== Supplied data ==

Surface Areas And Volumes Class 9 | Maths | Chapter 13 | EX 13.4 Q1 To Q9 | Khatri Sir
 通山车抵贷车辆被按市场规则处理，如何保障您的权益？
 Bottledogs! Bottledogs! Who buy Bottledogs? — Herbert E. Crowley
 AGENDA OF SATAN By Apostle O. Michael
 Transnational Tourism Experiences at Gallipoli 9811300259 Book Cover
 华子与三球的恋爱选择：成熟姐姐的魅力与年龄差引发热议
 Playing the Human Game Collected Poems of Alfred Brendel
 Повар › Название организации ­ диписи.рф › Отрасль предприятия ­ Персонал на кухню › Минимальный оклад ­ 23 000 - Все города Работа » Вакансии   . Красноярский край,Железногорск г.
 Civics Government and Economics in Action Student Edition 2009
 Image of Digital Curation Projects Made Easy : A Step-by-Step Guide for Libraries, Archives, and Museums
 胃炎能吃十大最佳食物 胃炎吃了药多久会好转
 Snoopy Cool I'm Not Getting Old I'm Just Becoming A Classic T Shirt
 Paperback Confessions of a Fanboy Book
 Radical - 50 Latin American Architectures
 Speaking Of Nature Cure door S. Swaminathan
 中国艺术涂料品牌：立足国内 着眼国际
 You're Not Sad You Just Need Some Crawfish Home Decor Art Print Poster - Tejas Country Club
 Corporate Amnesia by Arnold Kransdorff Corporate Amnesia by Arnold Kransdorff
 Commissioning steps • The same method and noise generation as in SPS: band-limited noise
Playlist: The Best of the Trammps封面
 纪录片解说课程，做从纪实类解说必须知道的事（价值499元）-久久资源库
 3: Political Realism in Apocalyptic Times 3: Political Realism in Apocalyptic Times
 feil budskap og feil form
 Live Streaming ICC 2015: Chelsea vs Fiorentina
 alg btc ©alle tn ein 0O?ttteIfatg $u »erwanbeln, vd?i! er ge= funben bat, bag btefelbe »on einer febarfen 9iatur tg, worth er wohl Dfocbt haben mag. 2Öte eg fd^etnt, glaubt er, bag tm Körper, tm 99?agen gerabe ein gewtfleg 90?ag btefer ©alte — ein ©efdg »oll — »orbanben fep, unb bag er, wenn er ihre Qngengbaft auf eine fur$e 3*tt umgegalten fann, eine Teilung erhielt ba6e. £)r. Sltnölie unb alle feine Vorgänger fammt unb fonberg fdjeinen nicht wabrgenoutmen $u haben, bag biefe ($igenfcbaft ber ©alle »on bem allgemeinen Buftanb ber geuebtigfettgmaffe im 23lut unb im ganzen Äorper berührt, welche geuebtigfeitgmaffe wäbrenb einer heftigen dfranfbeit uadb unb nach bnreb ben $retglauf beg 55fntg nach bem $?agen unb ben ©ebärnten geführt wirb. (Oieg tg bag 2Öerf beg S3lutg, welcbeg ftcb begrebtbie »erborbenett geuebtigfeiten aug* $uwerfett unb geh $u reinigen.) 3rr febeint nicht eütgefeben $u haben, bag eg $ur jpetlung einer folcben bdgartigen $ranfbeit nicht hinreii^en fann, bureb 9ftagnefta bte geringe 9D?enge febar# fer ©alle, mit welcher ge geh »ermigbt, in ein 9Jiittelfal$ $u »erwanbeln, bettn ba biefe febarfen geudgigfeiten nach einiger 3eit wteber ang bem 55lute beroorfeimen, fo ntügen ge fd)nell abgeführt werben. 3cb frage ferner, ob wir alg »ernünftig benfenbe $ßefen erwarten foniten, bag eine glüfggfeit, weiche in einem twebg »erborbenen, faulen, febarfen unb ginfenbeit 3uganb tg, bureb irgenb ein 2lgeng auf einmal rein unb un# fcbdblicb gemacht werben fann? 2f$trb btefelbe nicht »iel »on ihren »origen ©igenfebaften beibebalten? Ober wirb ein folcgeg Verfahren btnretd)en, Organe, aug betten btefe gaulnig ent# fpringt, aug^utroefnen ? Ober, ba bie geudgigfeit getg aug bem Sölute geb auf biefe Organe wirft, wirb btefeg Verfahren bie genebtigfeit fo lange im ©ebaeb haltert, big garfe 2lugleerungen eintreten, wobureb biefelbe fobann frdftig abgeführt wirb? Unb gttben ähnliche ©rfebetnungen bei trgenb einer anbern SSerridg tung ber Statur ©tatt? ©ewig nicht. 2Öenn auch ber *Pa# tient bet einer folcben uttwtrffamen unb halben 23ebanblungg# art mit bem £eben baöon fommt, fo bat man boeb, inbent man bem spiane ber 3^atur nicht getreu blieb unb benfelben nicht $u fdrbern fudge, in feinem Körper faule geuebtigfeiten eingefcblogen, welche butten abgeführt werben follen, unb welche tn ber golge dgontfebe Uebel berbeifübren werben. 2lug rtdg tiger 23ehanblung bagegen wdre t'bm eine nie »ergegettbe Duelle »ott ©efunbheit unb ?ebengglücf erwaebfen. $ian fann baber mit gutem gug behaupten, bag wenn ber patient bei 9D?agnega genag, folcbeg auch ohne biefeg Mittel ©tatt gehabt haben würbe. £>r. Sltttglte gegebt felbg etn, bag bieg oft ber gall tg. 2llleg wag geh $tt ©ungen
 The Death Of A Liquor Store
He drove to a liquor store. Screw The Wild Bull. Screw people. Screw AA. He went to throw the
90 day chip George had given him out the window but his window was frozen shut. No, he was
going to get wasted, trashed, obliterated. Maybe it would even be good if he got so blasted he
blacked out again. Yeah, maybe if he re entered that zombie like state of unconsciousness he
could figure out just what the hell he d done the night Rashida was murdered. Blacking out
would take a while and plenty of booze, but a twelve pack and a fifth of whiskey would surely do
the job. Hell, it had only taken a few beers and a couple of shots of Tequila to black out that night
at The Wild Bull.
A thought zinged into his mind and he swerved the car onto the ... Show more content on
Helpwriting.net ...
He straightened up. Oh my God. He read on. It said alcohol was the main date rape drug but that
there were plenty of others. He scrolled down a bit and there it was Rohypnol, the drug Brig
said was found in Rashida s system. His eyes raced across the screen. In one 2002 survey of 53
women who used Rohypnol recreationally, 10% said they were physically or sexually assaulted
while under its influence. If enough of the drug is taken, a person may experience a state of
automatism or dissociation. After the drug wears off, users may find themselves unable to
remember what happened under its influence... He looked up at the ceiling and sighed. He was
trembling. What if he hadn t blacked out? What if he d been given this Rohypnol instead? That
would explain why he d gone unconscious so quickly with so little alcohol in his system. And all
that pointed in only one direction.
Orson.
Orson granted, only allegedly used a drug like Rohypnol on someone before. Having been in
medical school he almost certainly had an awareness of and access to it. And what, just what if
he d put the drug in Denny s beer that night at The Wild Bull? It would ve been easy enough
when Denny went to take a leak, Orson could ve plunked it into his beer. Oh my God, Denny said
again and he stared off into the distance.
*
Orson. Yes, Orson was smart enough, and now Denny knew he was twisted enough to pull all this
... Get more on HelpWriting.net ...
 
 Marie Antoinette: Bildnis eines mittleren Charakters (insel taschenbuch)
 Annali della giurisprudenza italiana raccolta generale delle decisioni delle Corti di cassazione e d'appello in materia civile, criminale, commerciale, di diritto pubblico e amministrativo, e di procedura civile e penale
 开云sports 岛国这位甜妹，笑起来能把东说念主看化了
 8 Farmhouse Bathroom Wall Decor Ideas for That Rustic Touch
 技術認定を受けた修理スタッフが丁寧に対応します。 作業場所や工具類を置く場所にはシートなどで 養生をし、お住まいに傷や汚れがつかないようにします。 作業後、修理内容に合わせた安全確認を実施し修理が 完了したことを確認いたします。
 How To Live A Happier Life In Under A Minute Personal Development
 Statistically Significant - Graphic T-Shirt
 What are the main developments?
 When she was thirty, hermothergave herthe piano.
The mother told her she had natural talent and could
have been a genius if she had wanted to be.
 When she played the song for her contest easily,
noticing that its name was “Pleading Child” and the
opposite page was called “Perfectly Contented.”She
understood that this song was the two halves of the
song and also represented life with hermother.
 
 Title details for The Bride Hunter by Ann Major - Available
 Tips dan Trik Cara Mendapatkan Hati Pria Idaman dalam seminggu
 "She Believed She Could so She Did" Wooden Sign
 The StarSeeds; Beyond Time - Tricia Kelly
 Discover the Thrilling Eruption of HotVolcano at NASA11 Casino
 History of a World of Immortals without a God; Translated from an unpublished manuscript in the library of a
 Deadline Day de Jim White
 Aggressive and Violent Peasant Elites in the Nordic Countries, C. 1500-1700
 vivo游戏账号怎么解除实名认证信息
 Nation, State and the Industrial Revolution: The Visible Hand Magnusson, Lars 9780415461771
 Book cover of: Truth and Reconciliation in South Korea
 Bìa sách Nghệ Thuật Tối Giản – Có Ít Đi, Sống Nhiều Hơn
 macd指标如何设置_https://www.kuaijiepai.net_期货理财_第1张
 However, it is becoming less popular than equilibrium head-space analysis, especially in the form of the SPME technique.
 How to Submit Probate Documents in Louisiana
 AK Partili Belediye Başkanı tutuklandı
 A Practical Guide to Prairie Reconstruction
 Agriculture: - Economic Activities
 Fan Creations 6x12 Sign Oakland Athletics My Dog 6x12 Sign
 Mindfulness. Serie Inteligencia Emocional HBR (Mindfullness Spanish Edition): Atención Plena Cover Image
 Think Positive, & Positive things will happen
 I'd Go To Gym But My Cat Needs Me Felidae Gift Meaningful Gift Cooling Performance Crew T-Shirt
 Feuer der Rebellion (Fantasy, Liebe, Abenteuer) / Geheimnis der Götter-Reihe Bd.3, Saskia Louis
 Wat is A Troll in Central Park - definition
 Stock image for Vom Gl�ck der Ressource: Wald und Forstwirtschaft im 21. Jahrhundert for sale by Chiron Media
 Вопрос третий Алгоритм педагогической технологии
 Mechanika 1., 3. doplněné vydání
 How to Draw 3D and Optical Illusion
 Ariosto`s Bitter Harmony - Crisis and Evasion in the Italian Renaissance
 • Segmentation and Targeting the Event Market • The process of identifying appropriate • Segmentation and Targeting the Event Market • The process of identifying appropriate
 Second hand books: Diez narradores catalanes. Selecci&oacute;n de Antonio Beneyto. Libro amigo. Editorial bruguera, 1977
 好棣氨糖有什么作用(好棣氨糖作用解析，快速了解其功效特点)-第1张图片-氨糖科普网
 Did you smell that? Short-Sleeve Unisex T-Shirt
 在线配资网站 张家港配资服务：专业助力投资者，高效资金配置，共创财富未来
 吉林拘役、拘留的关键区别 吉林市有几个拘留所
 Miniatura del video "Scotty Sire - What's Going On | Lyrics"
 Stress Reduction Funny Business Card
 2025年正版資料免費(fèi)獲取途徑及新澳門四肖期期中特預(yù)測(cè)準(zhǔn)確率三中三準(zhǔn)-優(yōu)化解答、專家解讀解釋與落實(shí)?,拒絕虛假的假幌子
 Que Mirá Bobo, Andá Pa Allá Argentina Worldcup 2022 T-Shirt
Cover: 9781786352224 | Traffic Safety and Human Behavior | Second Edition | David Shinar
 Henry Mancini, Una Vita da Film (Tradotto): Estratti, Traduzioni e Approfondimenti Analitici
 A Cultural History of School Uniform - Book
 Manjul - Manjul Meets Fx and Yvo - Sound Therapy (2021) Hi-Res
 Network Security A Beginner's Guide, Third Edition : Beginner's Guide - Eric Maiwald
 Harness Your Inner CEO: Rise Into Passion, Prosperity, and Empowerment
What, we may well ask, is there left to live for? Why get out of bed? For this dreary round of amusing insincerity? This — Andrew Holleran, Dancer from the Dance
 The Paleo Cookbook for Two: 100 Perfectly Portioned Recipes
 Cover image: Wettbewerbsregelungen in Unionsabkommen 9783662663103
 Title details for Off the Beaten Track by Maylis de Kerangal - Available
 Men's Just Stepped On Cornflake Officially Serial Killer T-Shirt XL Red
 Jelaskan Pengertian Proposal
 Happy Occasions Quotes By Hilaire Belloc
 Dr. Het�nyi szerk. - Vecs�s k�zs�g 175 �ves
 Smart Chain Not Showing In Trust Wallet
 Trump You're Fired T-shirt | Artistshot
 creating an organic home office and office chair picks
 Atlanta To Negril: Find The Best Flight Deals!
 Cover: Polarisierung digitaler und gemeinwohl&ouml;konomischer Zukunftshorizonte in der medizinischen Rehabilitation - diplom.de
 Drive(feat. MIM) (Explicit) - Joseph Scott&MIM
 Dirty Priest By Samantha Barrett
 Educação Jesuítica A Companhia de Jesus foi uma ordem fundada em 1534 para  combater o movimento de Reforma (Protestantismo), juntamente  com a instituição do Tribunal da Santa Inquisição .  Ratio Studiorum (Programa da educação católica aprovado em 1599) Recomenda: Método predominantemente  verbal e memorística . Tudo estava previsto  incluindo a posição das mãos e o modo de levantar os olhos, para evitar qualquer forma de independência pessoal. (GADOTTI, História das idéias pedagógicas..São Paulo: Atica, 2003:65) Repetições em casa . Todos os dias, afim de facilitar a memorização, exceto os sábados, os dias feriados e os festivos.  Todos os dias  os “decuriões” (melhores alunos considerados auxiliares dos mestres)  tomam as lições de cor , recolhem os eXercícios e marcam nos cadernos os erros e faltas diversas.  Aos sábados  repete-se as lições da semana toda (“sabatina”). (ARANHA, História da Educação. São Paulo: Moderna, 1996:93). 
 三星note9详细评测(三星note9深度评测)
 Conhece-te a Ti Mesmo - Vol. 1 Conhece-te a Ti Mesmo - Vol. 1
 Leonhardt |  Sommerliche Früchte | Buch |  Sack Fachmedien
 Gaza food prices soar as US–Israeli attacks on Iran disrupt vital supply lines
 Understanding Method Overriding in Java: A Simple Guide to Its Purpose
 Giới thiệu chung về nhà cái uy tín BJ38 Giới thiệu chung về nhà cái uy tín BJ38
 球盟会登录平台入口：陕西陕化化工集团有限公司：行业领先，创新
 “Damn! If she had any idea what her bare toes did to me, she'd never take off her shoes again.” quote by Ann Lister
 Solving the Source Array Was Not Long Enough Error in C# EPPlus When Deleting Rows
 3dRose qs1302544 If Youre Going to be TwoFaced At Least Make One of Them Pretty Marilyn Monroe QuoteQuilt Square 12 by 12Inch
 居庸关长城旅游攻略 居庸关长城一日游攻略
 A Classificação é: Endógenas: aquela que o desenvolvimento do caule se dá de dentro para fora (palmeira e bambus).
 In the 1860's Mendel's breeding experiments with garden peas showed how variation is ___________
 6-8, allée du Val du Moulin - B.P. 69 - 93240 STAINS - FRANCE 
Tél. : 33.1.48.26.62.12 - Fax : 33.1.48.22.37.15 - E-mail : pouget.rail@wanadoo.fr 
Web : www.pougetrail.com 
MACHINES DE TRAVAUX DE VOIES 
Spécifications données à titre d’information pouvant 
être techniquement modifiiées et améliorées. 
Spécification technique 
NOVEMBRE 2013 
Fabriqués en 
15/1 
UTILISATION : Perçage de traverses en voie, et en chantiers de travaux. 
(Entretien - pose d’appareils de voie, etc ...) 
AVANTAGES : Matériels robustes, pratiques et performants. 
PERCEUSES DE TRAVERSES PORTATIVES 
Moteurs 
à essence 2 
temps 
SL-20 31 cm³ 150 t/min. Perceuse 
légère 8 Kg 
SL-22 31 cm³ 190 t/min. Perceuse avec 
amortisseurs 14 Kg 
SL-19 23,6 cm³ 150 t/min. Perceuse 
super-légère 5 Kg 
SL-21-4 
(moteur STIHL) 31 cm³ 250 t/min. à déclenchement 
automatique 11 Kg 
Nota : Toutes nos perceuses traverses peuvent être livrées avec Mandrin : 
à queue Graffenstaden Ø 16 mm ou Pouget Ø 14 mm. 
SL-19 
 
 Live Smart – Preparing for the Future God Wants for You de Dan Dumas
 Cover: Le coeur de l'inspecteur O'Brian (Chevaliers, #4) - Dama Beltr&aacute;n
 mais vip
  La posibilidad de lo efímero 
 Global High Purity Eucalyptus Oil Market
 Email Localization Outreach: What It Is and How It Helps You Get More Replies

===

» **Goal of the exercise**:
Taking the entries above, write out exactly each line from the one holding "trembling. What if" to the one holding "Deadline Day de Jim White", both included, and stop there.

» **Response area**:
trembling. What if he hadn t blacked out? What if he d been given this Rohypnol instead? That
would explain why he d gone unconscious so quickly with so little alcohol in his system. And all
that pointed in only one direction.
Orson.
Orson granted, only allegedly used a drug like Rohypnol on someone before. Having been in
medical school he almost certainly had an awareness of and access to it. And what, just what if
he d put the drug in Denny s beer that night at The Wild Bull? It would ve been easy enough
when Denny went to take a leak, Orson could ve plunked it into his beer. Oh my God, Denny said
again and he stared off into the distance.
*
Orson. Yes, Orson was smart enough, and now Denny knew he was twisted enough to pull all this
... Get more on HelpWriting.net ...
 
 Marie Antoinette: Bildnis eines mittleren Charakters (insel taschenbuch)
 Annali della giurisprudenza italiana raccolta generale delle decisioni delle Corti di cassazione e d'appello in materia civile, criminale, commerciale, di diritto pubblico e amministrativo, e di procedura civile e penale
 开云sports 岛国这位甜妹，笑起来能把东说念主看化了
 8 Farmhouse Bathroom Wall Decor Ideas for That Rustic Touch
 技術認定を受けた修理スタッフが丁寧に対応します。 作業場所や工具類を置く場所にはシートなどで 養生をし、お住まいに傷や汚れがつかないようにします。 作業後、修理内容に合わせた安全確認を実施し修理が 完了したことを確認いたします。
 How To Live A Happier Life In Under A Minute Personal Development
 Statistically Significant - Graphic T-Shirt
 What are the main developments?
 When she was thirty, hermothergave herthe piano.
The mother told her she had natural talent and could
have been a genius if she had wanted to be.
 When she played the song for her contest easily,
noticing that its name was “Pleading Child” and the
opposite page was called “Perfectly Contented.”She
understood that this song was the two halves of the
song and also represented life with hermother.
 
 Title details for The Bride Hunter by Ann Major - Available
 Tips dan Trik Cara Mendapatkan Hati Pria Idaman dalam seminggu
 "She Believed She Could so She Did" Wooden Sign
 The StarSeeds; Beyond Time - Tricia Kelly
 Discover the Thrilling Eruption of HotVolcano at NASA11 Casino
 History of a World of Immortals without a God; Translated from an unpublished manuscript in the library of a
 Deadline Day de Jim White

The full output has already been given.